Ambito del rapporto sul mercato degli ingredienti Clean Label in Nord America
Il rapporto sul mercato degli ingredienti clean label in Nord America include uno studio sulla segmentazione per tipo, che è segmentato per colore, sapore, amido e dolcificante, conservante naturale e altri tipi. In base all'applicazione, il mercato è stato segmentato in bevande, prodotti da forno e dolciumi, salse e condimenti, latticini e dessert surgelati, alimenti trasformati e altre applicazioni.
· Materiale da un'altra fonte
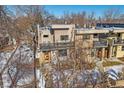 Modern two-story home with stone accents and a private balcony at 3323 W Hayward Pl, Denver, CO 80211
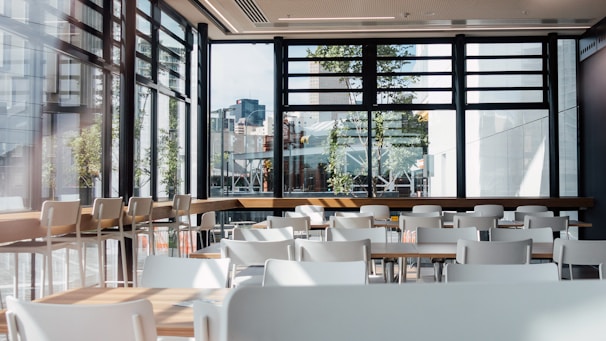 A spacious and modern cafeteria interior with multiple white tables and chairs. Large windows allow natural light to flood the area, providing a view of urban buildings and greenery outside. The setting is clean and organized, with wooden elements adding warmth to the space.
Sulla base della geografia, nel rapporto viene inclusa anche l’analisi regionale del mercato degli ingredienti con etichetta pulita.
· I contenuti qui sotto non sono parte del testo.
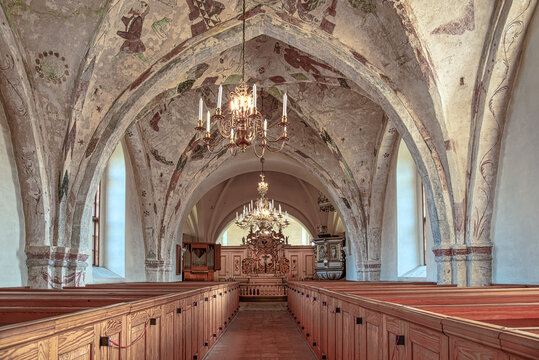 the interior of Bollerup church with gothic frescos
| Conservanti Alimentari |
| Dolcificanti Alimentari |
| Coloranti Alimentari |
| Idrocolloidi alimentari |
| Sapori alimentari e potenziatori |
| Altri tipi di ingredienti |
| Pelle secca |
| Liquido |
| Panetteria e Confetteria |
| Latticini e Dolci Surgelati |
| Bevande |
| Carne e prodotti a base di carne |
| Salse e condimenti |
| Altre applicazioni |
| Stati Uniti |
| Canada |
| Messico |
| Resto del Nord America |
| Per tipo di ingrediente | Conservanti Alimentari |
| Dolcificanti Alimentari | |
| Coloranti Alimentari | |
| Idrocolloidi alimentari | |
| Sapori alimentari e potenziatori | |
| Altri tipi di ingredienti | |
| Per modulo | Pelle secca |
| Liquido | |
| Per Applicazione | Panetteria e Confetteria |
| Latticini e Dolci Surgelati | |
| Bevande | |
| Carne e prodotti a base di carne | |
| Salse e condimenti | |
| Altre applicazioni | |
| Per geografia | Stati Uniti |
| Canada | |
| Messico | |
| Resto del Nord America |
Domande chiave a cui si risponde nel rapporto
Qual è il valore attuale del mercato degli ingredienti clean label del Nord America?
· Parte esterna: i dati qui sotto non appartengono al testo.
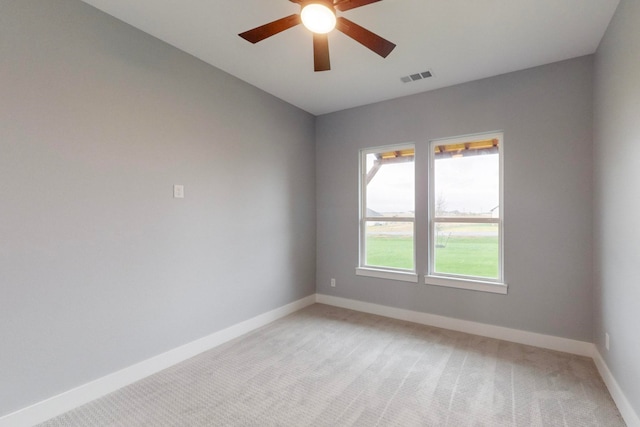 carpeted empty room featuring ceiling fan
Il mercato degli ingredienti clean label del Nord America ammonta a 18.3 miliardi di dollari nel 2026, con una crescita prevista a 25.58 miliardi di dollari entro il 2031, riflettendo un CAGR del 6.92% nel periodo 2026-2031.
Quale segmento detiene la quota maggiore nel mercato degli ingredienti clean label del Nord America?
Gli aromi e gli esaltatori di sapidità alimentari rappresentano il 35.02% del fatturato del 2025, mantenendo la fetta più grande del mercato.
Perché i coloranti alimentari sono la categoria di ingredienti in più rapida crescita?
I divieti federali e statali sui coloranti artificiali impongono una riformulazione dei marchi, incrementando la domanda di pigmenti derivati da piante o dalla fermentazione e determinando un CAGR del 7.27% per i coloranti naturali fino al 2031.
Quale mercato geografico mostra il potenziale di crescita più elevato?
Il Canada è in testa alla crescita con una previsione di CAGR del 7.98%, poiché l'armonizzazione normativa e la consapevolezza della salute dei consumatori si allineano per favorire l'adozione di ingredienti naturali fino al 2031.